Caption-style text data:
──────────
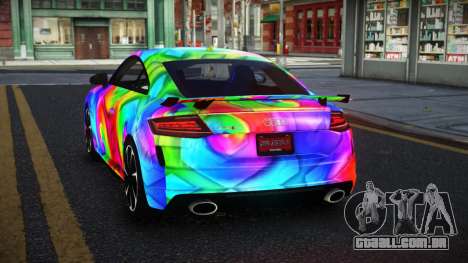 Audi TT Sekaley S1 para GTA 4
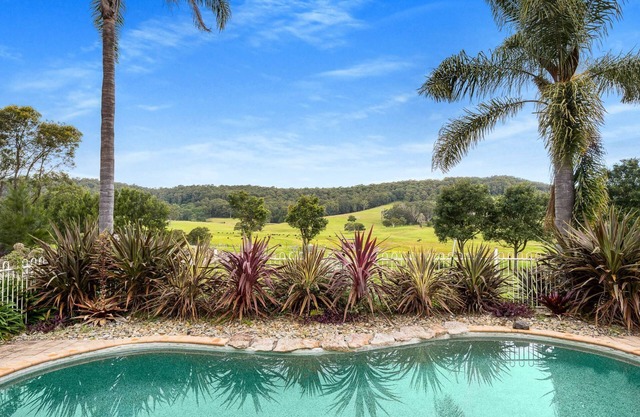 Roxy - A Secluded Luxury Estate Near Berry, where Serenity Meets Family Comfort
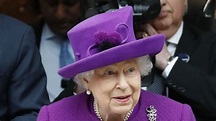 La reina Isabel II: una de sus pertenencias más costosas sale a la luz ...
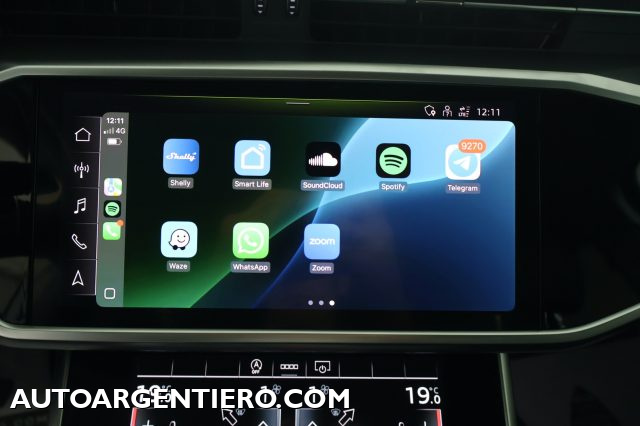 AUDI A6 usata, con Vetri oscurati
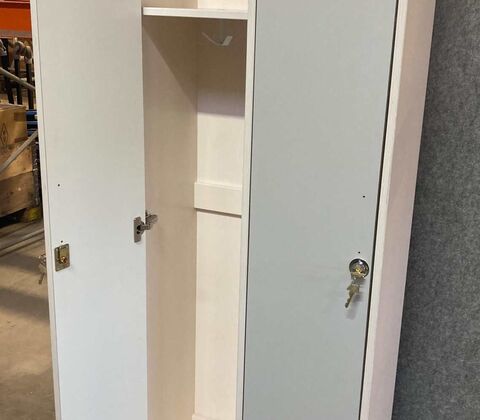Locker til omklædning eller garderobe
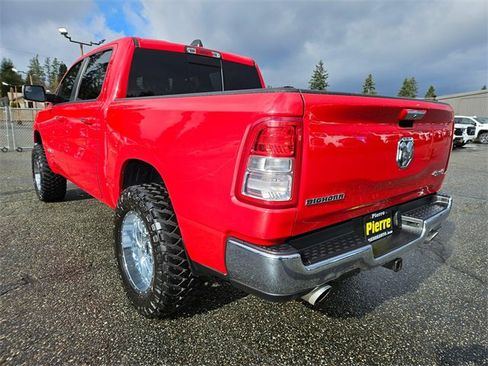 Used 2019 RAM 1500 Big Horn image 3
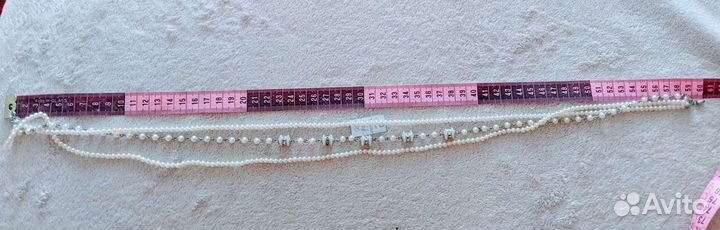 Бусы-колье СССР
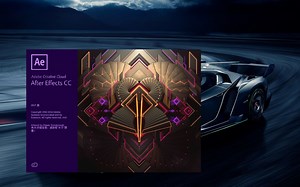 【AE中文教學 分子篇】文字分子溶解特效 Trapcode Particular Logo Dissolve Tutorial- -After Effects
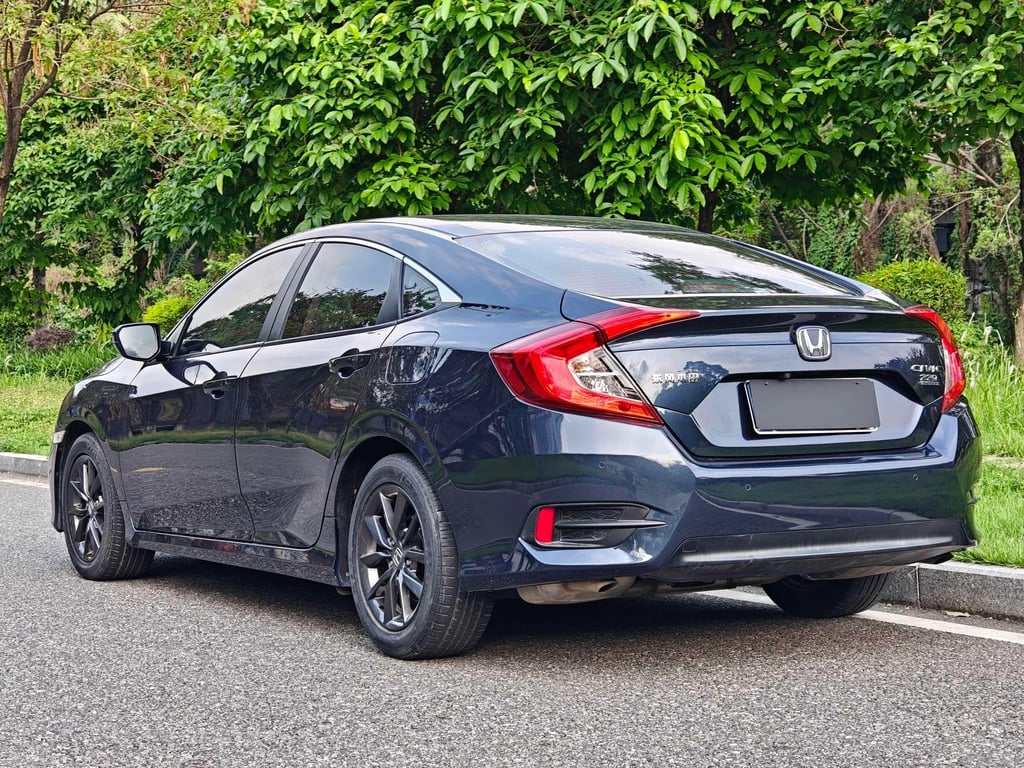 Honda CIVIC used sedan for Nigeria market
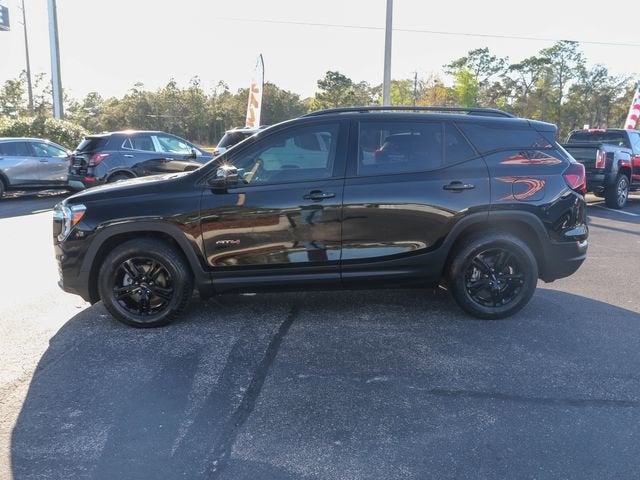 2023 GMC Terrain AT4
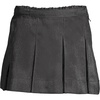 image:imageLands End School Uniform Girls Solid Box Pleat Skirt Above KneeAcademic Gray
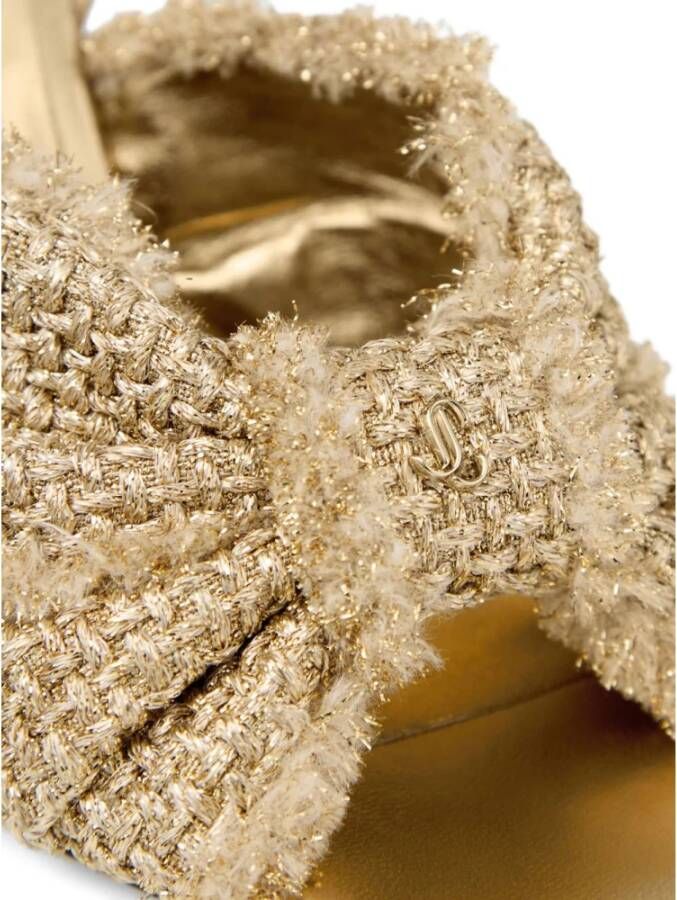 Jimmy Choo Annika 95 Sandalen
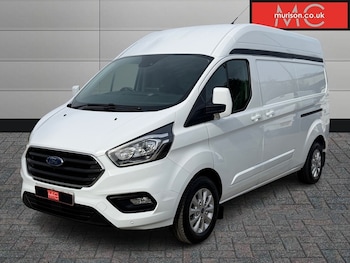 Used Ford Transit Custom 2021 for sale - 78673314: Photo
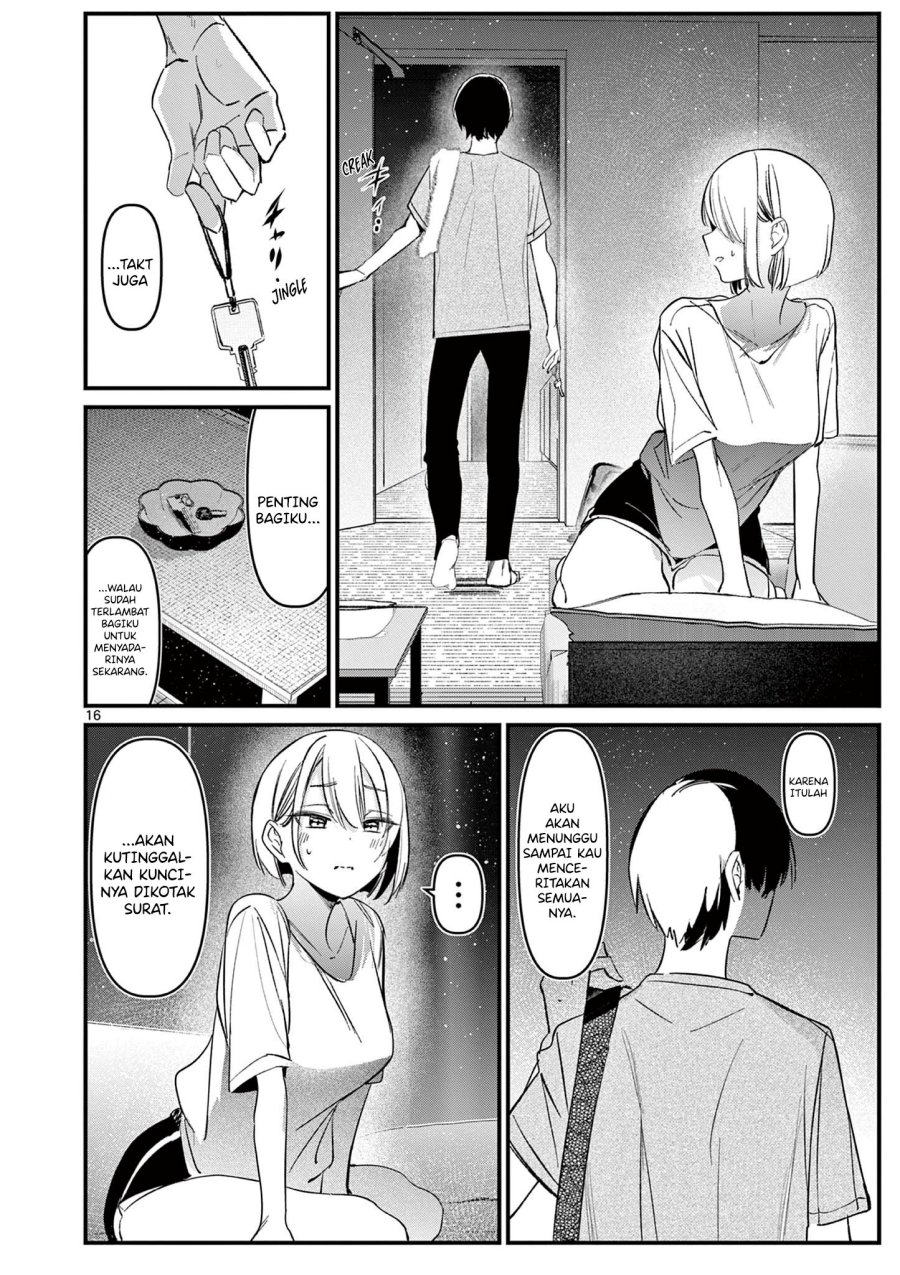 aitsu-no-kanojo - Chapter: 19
──────────
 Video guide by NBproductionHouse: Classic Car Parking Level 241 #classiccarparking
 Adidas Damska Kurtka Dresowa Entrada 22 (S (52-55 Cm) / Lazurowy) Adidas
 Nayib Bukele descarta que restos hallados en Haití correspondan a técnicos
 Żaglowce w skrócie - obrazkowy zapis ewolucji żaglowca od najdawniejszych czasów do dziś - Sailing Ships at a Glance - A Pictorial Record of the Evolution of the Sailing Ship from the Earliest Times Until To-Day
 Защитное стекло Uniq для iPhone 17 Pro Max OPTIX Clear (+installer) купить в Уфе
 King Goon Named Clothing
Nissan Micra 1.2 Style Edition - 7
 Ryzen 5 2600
──────────
Because only one stretch of the records is wanted, please output the lines from the one holding "Roxy - A Secluded" through the one holding "aitsu-no-kanojo - Chapter: 19" exactly, both included, and leave every picture out.

[SOLUTION FOR THIS EXERCISE]
 Roxy - A Secluded Luxury Estate Near Berry, where Serenity Meets Family Comfort
 La reina Isabel II: una de sus pertenencias más costosas sale a la luz ...
 AUDI A6 usata, con Vetri oscurati
Locker til omklædning eller garderobe
 Used 2019 RAM 1500 Big Horn image 3
 Бусы-колье СССР
 【AE中文教學 分子篇】文字分子溶解特效 Trapcode Particular Logo Dissolve Tutorial- -After Effects
 Honda CIVIC used sedan for Nigeria market
 2023 GMC Terrain AT4
 image:imageLands End School Uniform Girls Solid Box Pleat Skirt Above KneeAcademic Gray
 Jimmy Choo Annika 95 Sandalen
 Used Ford Transit Custom 2021 for sale - 78673314: Photo
 aitsu-no-kanojo - Chapter: 19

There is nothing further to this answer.